Input data Start Marker
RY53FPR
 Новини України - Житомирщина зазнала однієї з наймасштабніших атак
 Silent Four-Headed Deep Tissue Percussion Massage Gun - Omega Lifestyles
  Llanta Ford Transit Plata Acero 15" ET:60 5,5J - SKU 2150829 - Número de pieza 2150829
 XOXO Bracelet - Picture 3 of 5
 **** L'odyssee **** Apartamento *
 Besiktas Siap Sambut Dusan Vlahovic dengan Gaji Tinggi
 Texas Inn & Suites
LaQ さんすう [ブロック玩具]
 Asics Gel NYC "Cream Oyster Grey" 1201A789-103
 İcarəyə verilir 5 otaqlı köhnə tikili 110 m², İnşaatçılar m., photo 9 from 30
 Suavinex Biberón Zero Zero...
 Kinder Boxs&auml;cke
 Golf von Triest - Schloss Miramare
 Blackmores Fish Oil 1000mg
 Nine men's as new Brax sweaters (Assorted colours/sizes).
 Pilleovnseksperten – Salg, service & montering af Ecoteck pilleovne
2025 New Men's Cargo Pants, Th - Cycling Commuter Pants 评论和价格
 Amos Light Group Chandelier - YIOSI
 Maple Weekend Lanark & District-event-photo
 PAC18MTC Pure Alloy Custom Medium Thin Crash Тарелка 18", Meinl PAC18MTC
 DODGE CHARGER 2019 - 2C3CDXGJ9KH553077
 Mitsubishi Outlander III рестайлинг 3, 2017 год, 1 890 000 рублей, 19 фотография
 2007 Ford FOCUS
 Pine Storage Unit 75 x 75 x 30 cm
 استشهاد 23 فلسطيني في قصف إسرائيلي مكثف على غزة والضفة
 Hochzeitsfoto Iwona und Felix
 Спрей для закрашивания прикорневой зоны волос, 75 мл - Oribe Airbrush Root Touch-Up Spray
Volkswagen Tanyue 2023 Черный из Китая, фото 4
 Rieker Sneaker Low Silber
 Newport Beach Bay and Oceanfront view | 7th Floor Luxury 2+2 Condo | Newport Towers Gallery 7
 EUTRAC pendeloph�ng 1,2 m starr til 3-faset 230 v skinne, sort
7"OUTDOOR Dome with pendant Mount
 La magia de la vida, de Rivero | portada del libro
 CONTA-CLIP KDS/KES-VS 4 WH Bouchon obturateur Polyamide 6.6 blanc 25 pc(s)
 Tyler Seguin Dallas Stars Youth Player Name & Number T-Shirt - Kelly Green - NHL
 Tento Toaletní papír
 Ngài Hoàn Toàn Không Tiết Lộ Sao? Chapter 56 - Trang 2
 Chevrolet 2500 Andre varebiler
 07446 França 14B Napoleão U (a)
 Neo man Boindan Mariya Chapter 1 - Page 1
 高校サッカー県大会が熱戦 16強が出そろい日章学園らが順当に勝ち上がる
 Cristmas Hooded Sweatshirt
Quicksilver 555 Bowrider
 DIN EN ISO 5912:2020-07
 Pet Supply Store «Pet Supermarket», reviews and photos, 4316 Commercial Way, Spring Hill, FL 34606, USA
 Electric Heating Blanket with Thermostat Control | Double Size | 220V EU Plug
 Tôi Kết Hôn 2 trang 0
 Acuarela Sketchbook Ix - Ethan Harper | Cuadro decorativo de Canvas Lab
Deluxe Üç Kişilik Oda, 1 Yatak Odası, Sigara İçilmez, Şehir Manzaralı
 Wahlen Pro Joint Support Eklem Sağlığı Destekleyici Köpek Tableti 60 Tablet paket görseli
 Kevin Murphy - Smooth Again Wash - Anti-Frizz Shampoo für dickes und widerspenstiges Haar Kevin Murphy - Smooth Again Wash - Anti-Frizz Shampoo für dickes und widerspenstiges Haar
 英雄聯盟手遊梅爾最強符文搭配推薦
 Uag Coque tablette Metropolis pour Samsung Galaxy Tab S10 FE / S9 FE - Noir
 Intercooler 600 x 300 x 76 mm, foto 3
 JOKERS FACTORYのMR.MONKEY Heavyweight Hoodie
Input data End Marker
The task: Word for word, repeat every record.

Worked solution:
RY53FPR
 Новини України - Житомирщина зазнала однієї з наймасштабніших атак
 Silent Four-Headed Deep Tissue Percussion Massage Gun - Omega Lifestyles
  Llanta Ford Transit Plata Acero 15" ET:60 5,5J - SKU 2150829 - Número de pieza 2150829
 XOXO Bracelet - Picture 3 of 5
 **** L'odyssee **** Apartamento *
 Besiktas Siap Sambut Dusan Vlahovic dengan Gaji Tinggi
 Texas Inn & Suites
LaQ さんすう [ブロック玩具]
 Asics Gel NYC "Cream Oyster Grey" 1201A789-103
 İcarəyə verilir 5 otaqlı köhnə tikili 110 m², İnşaatçılar m., photo 9 from 30
 Suavinex Biberón Zero Zero...
 Kinder Boxs&auml;cke
 Golf von Triest - Schloss Miramare
 Blackmores Fish Oil 1000mg
 Nine men's as new Brax sweaters (Assorted colours/sizes).
 Pilleovnseksperten – Salg, service & montering af Ecoteck pilleovne
2025 New Men's Cargo Pants, Th - Cycling Commuter Pants 评论和价格
 Amos Light Group Chandelier - YIOSI
 Maple Weekend Lanark & District-event-photo
 PAC18MTC Pure Alloy Custom Medium Thin Crash Тарелка 18", Meinl PAC18MTC
 DODGE CHARGER 2019 - 2C3CDXGJ9KH553077
 Mitsubishi Outlander III рестайлинг 3, 2017 год, 1 890 000 рублей, 19 фотография
 2007 Ford FOCUS
 Pine Storage Unit 75 x 75 x 30 cm
 استشهاد 23 فلسطيني في قصف إسرائيلي مكثف على غزة والضفة
 Hochzeitsfoto Iwona und Felix
 Спрей для закрашивания прикорневой зоны волос, 75 мл - Oribe Airbrush Root Touch-Up Spray
Volkswagen Tanyue 2023 Черный из Китая, фото 4
 Rieker Sneaker Low Silber
 Newport Beach Bay and Oceanfront view | 7th Floor Luxury 2+2 Condo | Newport Towers Gallery 7
 EUTRAC pendeloph�ng 1,2 m starr til 3-faset 230 v skinne, sort
7"OUTDOOR Dome with pendant Mount
 La magia de la vida, de Rivero | portada del libro
 CONTA-CLIP KDS/KES-VS 4 WH Bouchon obturateur Polyamide 6.6 blanc 25 pc(s)
 Tyler Seguin Dallas Stars Youth Player Name & Number T-Shirt - Kelly Green - NHL
 Tento Toaletní papír
 Ngài Hoàn Toàn Không Tiết Lộ Sao? Chapter 56 - Trang 2
 Chevrolet 2500 Andre varebiler
 07446 França 14B Napoleão U (a)
 Neo man Boindan Mariya Chapter 1 - Page 1
 高校サッカー県大会が熱戦 16強が出そろい日章学園らが順当に勝ち上がる
 Cristmas Hooded Sweatshirt
Quicksilver 555 Bowrider
 DIN EN ISO 5912:2020-07
 Pet Supply Store «Pet Supermarket», reviews and photos, 4316 Commercial Way, Spring Hill, FL 34606, USA
 Electric Heating Blanket with Thermostat Control | Double Size | 220V EU Plug
 Tôi Kết Hôn 2 trang 0
 Acuarela Sketchbook Ix - Ethan Harper | Cuadro decorativo de Canvas Lab
Deluxe Üç Kişilik Oda, 1 Yatak Odası, Sigara İçilmez, Şehir Manzaralı
 Wahlen Pro Joint Support Eklem Sağlığı Destekleyici Köpek Tableti 60 Tablet paket görseli
 Kevin Murphy - Smooth Again Wash - Anti-Frizz Shampoo für dickes und widerspenstiges Haar Kevin Murphy - Smooth Again Wash - Anti-Frizz Shampoo für dickes und widerspenstiges Haar
 英雄聯盟手遊梅爾最強符文搭配推薦
 Uag Coque tablette Metropolis pour Samsung Galaxy Tab S10 FE / S9 FE - Noir
 Intercooler 600 x 300 x 76 mm, foto 3
 JOKERS FACTORYのMR.MONKEY Heavyweight Hoodie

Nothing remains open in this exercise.